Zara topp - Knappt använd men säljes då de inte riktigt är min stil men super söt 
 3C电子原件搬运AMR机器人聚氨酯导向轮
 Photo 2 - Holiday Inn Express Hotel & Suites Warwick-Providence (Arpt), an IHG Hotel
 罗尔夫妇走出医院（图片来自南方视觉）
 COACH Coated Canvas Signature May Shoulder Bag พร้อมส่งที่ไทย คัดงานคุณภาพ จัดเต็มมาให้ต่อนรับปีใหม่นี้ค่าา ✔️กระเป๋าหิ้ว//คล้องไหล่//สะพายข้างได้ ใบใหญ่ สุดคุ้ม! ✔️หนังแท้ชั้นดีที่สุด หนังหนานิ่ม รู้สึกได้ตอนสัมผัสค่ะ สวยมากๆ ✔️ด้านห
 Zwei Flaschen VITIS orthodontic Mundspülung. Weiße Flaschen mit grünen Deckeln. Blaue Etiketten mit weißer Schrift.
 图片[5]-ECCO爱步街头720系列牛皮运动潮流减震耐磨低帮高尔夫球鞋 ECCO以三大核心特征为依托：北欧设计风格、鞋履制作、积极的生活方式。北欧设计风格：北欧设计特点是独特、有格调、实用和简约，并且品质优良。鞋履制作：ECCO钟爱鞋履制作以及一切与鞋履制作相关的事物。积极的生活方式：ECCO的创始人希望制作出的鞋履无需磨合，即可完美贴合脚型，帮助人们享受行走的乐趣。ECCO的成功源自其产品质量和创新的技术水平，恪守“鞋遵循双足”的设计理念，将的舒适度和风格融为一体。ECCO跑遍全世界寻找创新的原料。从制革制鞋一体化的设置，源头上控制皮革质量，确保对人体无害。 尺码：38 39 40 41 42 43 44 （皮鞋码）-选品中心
━━━━━━━━━━━━━━━━━━━━━━━━━━━━━━
== WORK REQUIRED ==
Return the records given above in their entirety, word for word.

== TASK OUTPUT ==
Zara topp - Knappt använd men säljes då de inte riktigt är min stil men super söt 
 3C电子原件搬运AMR机器人聚氨酯导向轮
 Photo 2 - Holiday Inn Express Hotel & Suites Warwick-Providence (Arpt), an IHG Hotel
 罗尔夫妇走出医院（图片来自南方视觉）
 COACH Coated Canvas Signature May Shoulder Bag พร้อมส่งที่ไทย คัดงานคุณภาพ จัดเต็มมาให้ต่อนรับปีใหม่นี้ค่าา ✔️กระเป๋าหิ้ว//คล้องไหล่//สะพายข้างได้ ใบใหญ่ สุดคุ้ม! ✔️หนังแท้ชั้นดีที่สุด หนังหนานิ่ม รู้สึกได้ตอนสัมผัสค่ะ สวยมากๆ ✔️ด้านห
 Zwei Flaschen VITIS orthodontic Mundspülung. Weiße Flaschen mit grünen Deckeln. Blaue Etiketten mit weißer Schrift.
 图片[5]-ECCO爱步街头720系列牛皮运动潮流减震耐磨低帮高尔夫球鞋 ECCO以三大核心特征为依托：北欧设计风格、鞋履制作、积极的生活方式。北欧设计风格：北欧设计特点是独特、有格调、实用和简约，并且品质优良。鞋履制作：ECCO钟爱鞋履制作以及一切与鞋履制作相关的事物。积极的生活方式：ECCO的创始人希望制作出的鞋履无需磨合，即可完美贴合脚型，帮助人们享受行走的乐趣。ECCO的成功源自其产品质量和创新的技术水平，恪守“鞋遵循双足”的设计理念，将的舒适度和风格融为一体。ECCO跑遍全世界寻找创新的原料。从制革制鞋一体化的设置，源头上控制皮革质量，确保对人体无害。 尺码：38 39 40 41 42 43 44 （皮鞋码）-选品中心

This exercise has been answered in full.